#### ACTIVITY
Nothing outside the lines below from the one containing "Françoise Thomann devant l'Africa Mercy" through the one containing "Used 2022 Toyota" is to be printed; print those exactly, ends included, and drop the pictures.
*** SOURCE INFORMATION Section Begins ***
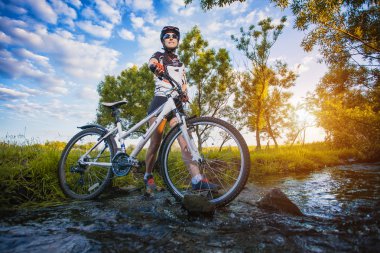 şirin sporcumuz bisiklet üzerinde. etkin boş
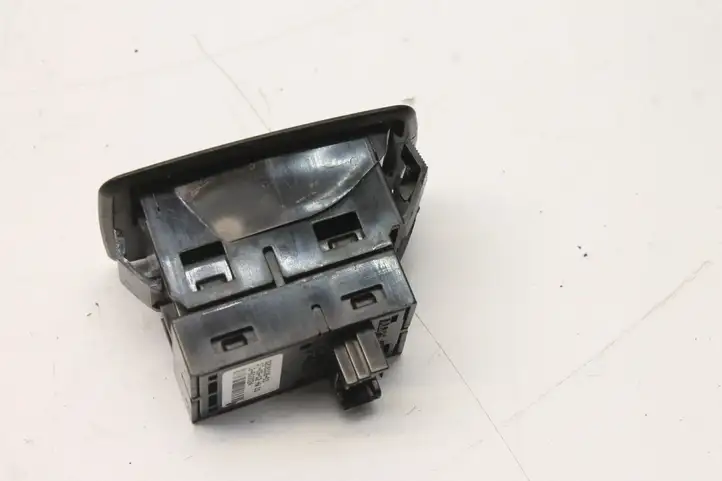 BMW 1 F20 F21 (2011 - 2019) 9208106 Кнопка фаркопа в багажнике — фото 3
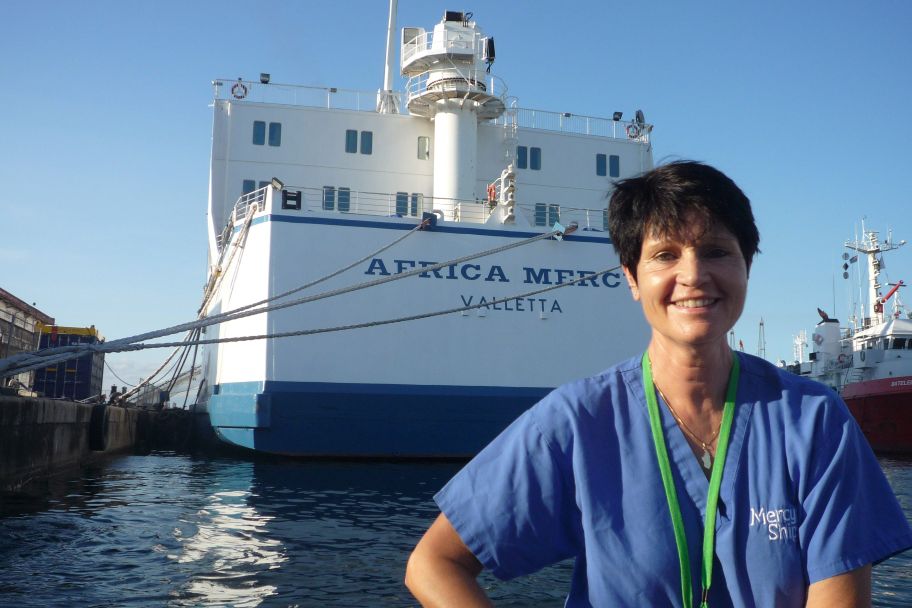 Françoise Thomann devant l'Africa Mercy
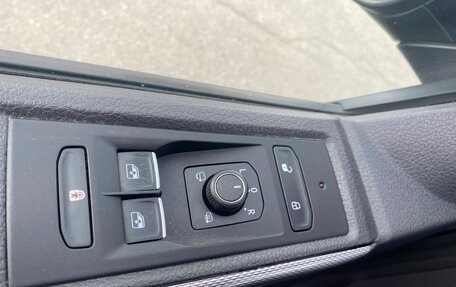 Volkswagen Multivan T6 рестайлинг, 2020 год, 5 500 000 рублей, 12 фотография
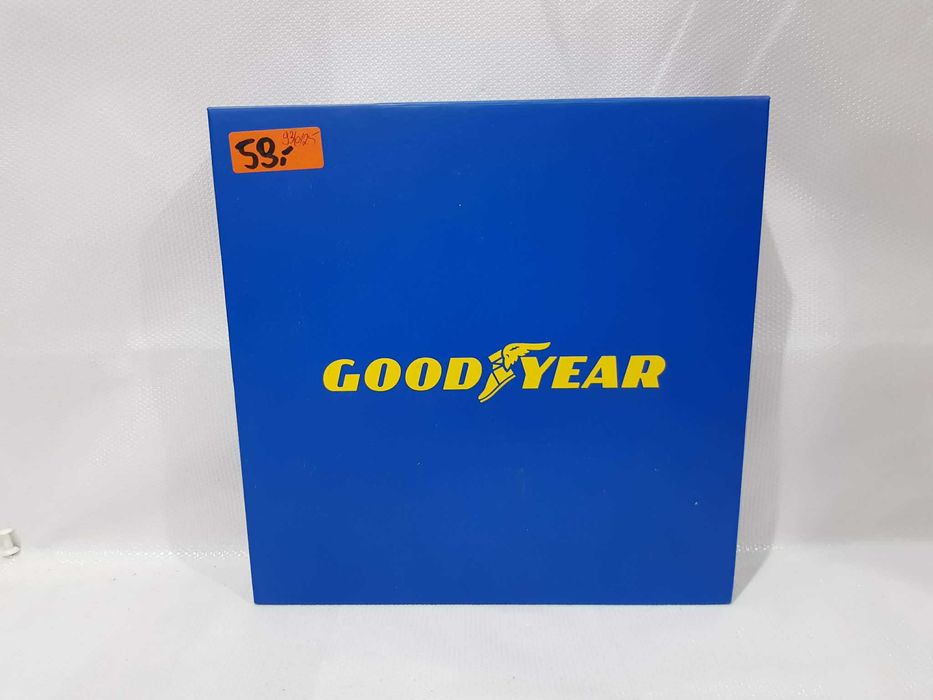 Zestaw Powerbank + Ładowarka bezp + Przewód GoodYear
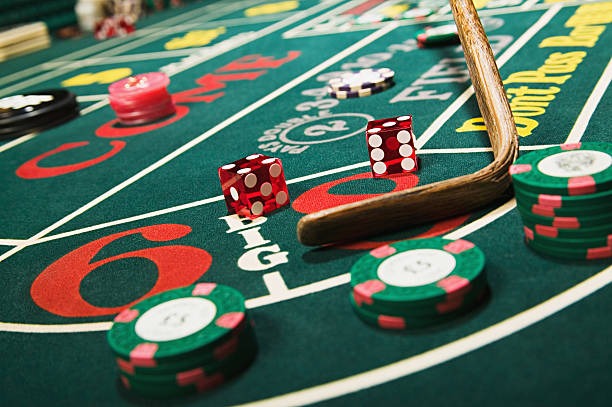 kera Casino Hold'em live dealer table showing community cards and betting interface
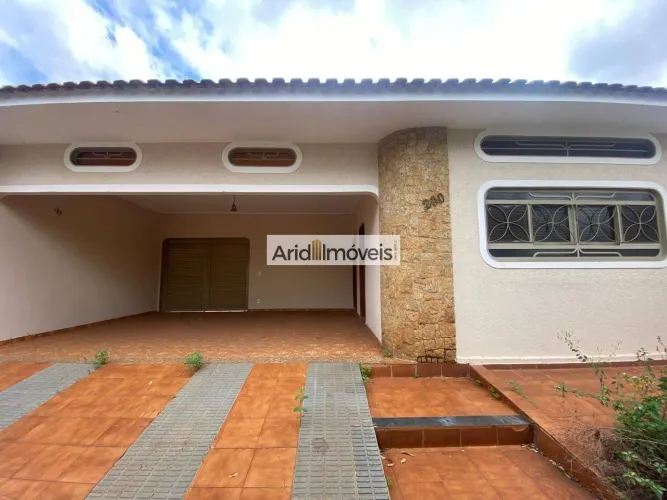 Casa com 3 dormitórios à venda, 290 m² por R$ 630.000 - Jardim Santa Catarina - São José d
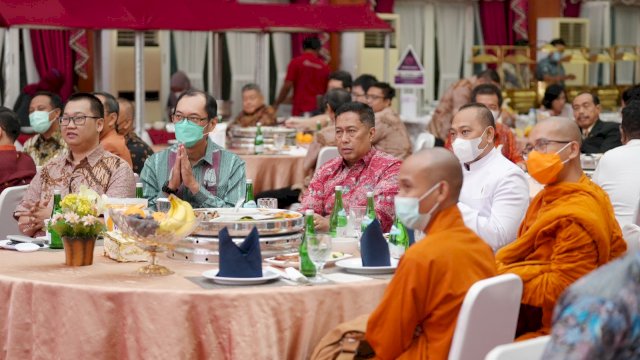 Gubernur Sulawesi Selatan, Andi sudirman Sulaiman melakukana silaturahmi bersama para pengurus Persatuan Umat Buddha Indonesia (Permabudhi) di Rujab Gubernur Sulsel, Minggu malam (22/5/2022). (foto: Humas Pemprov Sulsel)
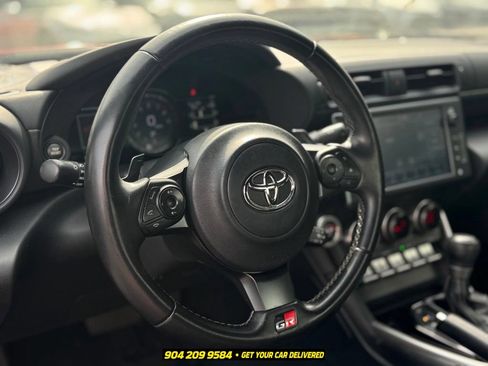 Used 2022 Toyota GR86 w/ ALL Weather Mat Package (TMS) RWD image 11
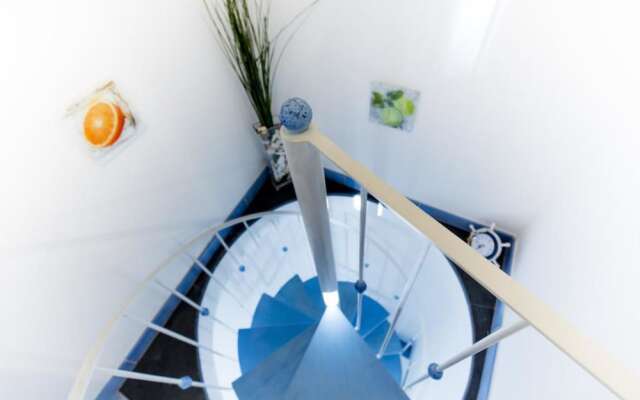 Blu Angel Relais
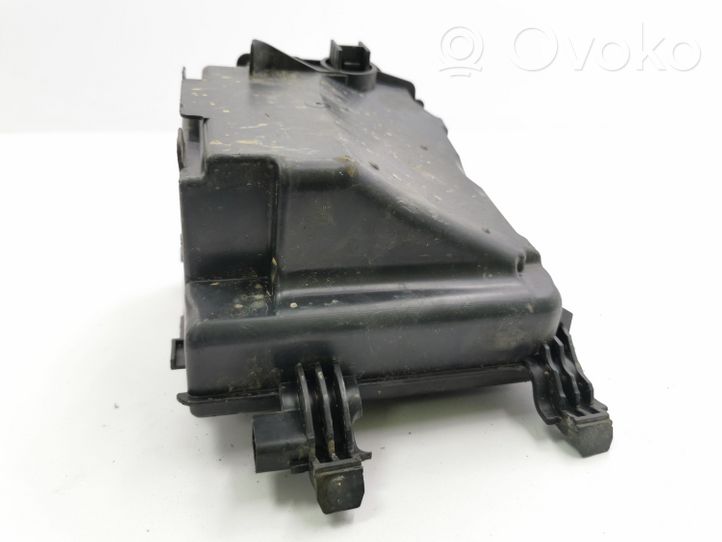 Citroen C4 II Picasso Module de fusibles 9674675280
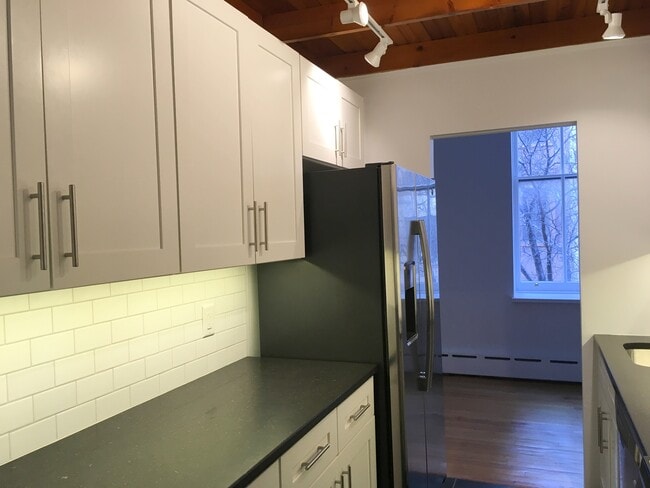 Building Photo - 1521 Spruce St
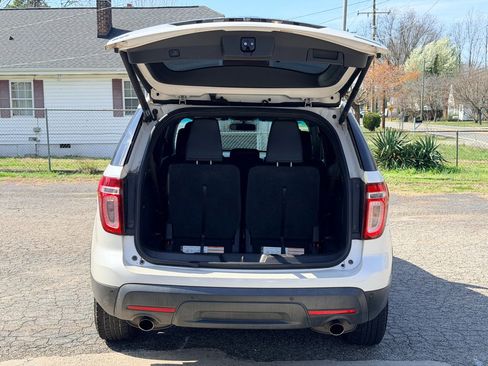 Used 2013 Ford Explorer XLT image 7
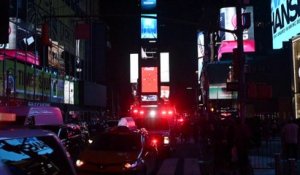 Les images de Times Square, plongé dans le noir pendant une panne d'électricité géante cette nuit
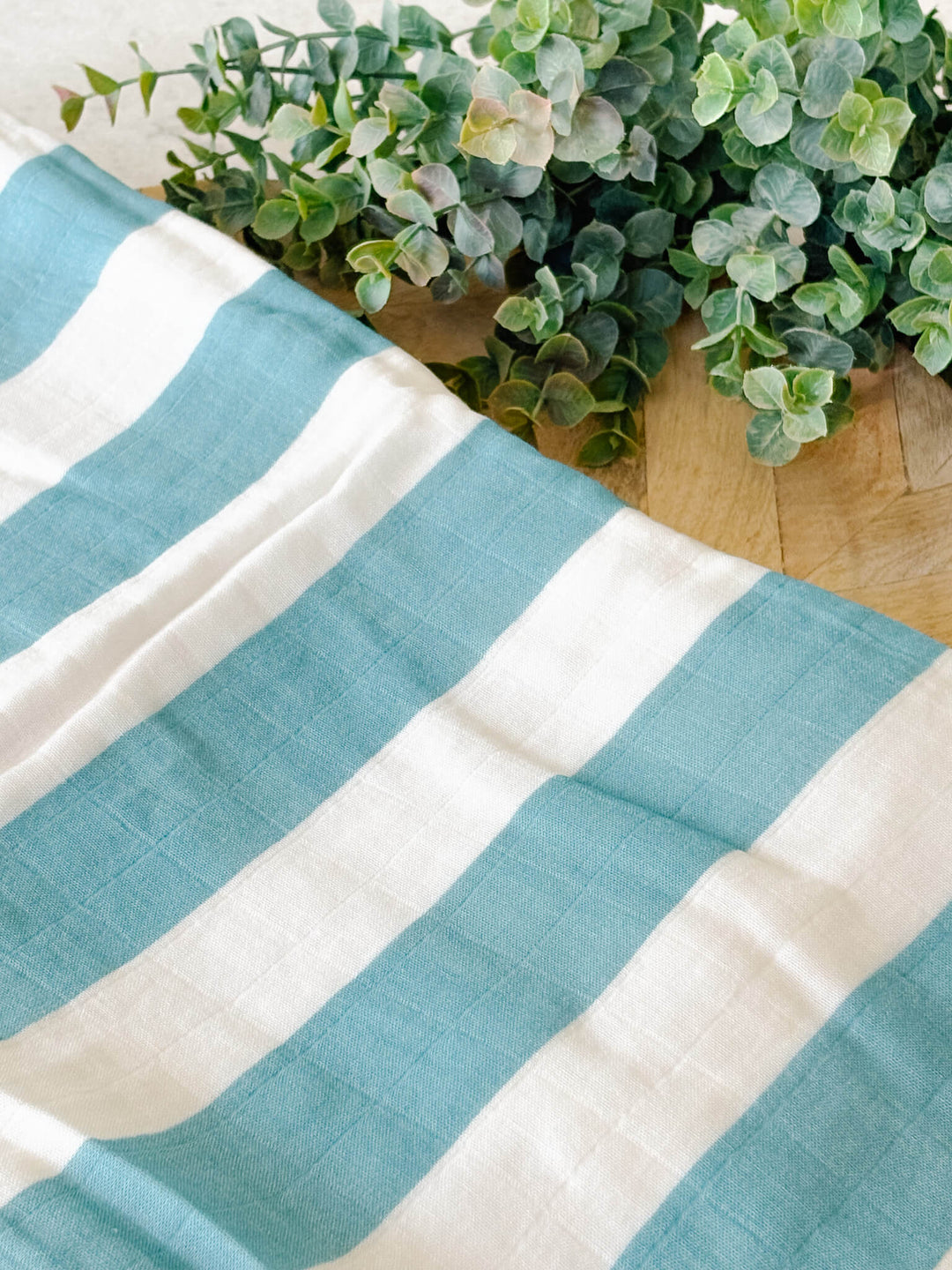 Our Lady of Lourdes &amp; St. Bernadette Quilt - Beige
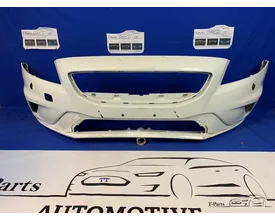 volvo-v40-rdesign-voorbumper-origineel-r-design — foto 2
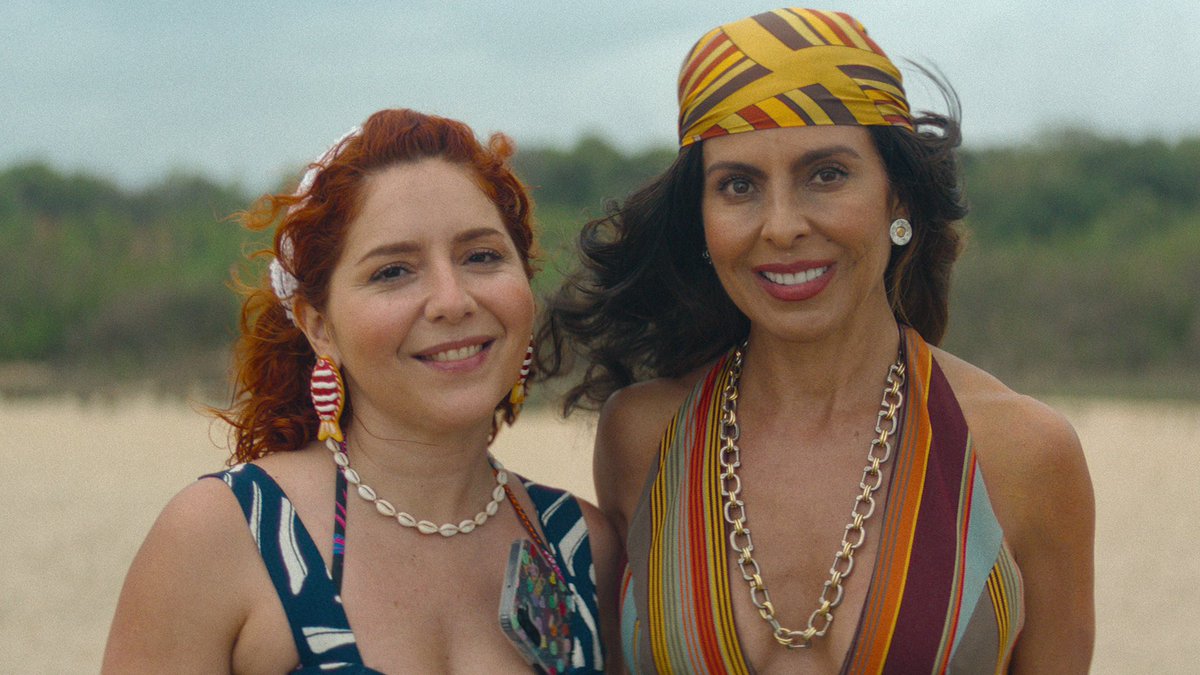 Polly es la fan más divertida y Lana la necesita para revivir su carrera. 🙌 La película 'La más fan' llega el 1 de mayo.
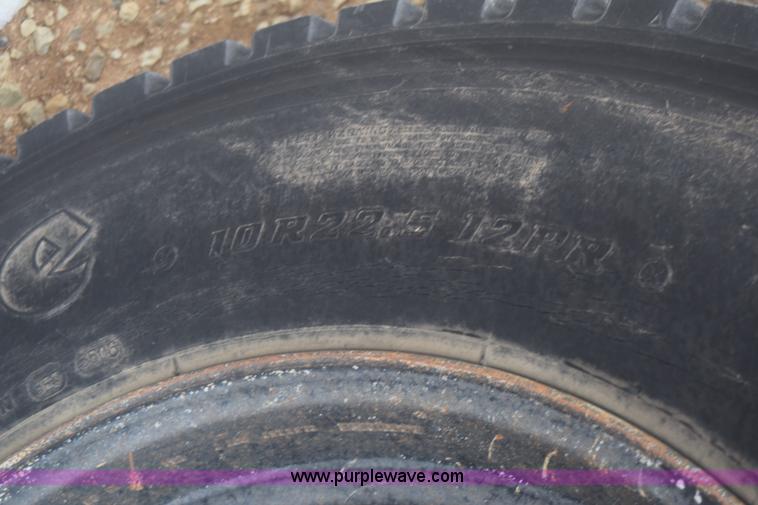 image for item L1231 1988 Ford F700 fuel truck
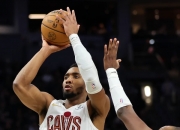 雷火电竞亚洲先驱-火箭绝杀雄鹿，米切尔高光表现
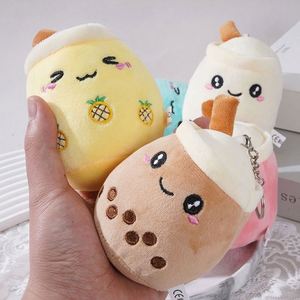 Porte-clés en peluche Boba Tea 12x8cm en gros, rembourré en coton PP, jouet en peluche doux pour enfants, cadeau en peluche personnalisé OEM - Product Image 1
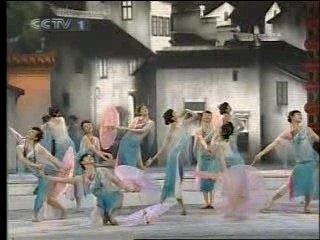 La petite ville sous la pluie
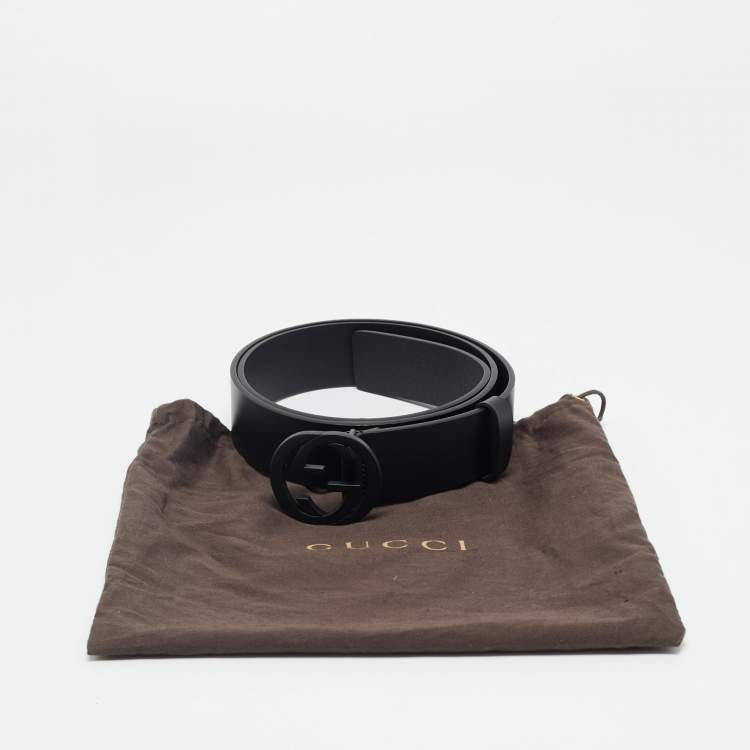 Pre Owned Gucci Black Leather Interlocking G Belt 95CM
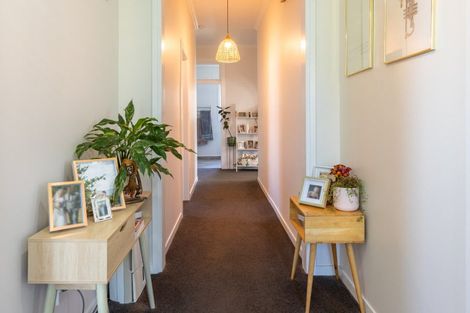 Photo of property in 33 Tennyson Street, Dannevirke, 4930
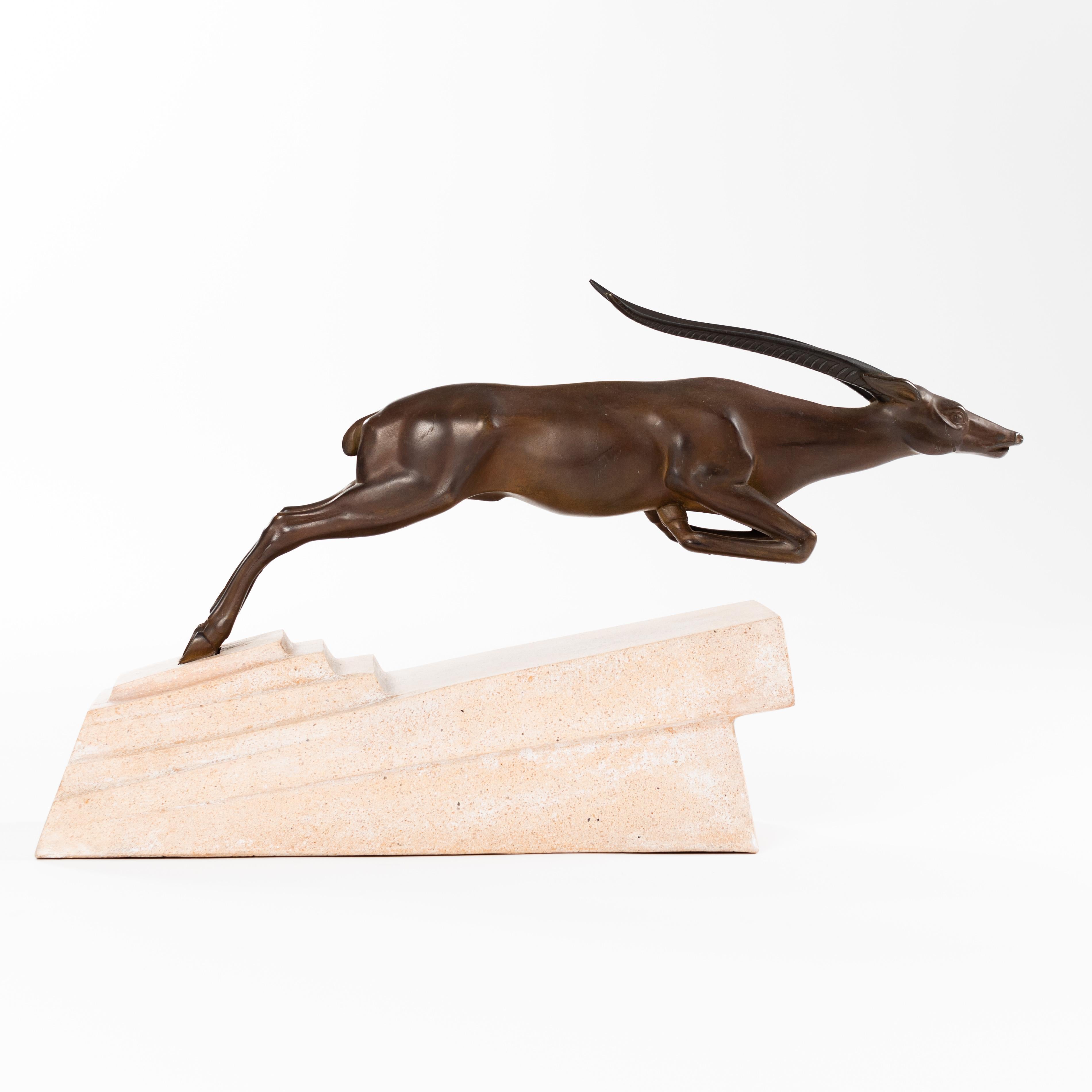 Very finely crafted bronze sculpture from the period of French Art Deco.
Attributed to the sculptur Max Le Verrier.

The antelope is jumping, the dynamics and movement of the animal is very well captured in the depiction.
The bronze is brown, the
*** SOURCE INFORMATION Section Ends ***
#### REPLY TO THE EXERCISE
 Françoise Thomann devant l'Africa Mercy
 Volkswagen Multivan T6 рестайлинг, 2020 год, 5 500 000 рублей, 12 фотография
 Zestaw Powerbank + Ładowarka bezp + Przewód GoodYear
 kera Casino Hold'em live dealer table showing community cards and betting interface
 Casa com 3 dormitórios à venda, 290 m² por R$ 630.000 - Jardim Santa Catarina - São José d
 Gubernur Sulawesi Selatan, Andi sudirman Sulaiman melakukana silaturahmi bersama para pengurus Persatuan Umat Buddha Indonesia (Permabudhi) di Rujab Gubernur Sulsel, Minggu malam (22/5/2022). (foto: Humas Pemprov Sulsel)
 Used 2022 Toyota GR86 w/ ALL Weather Mat Package (TMS) RWD image 11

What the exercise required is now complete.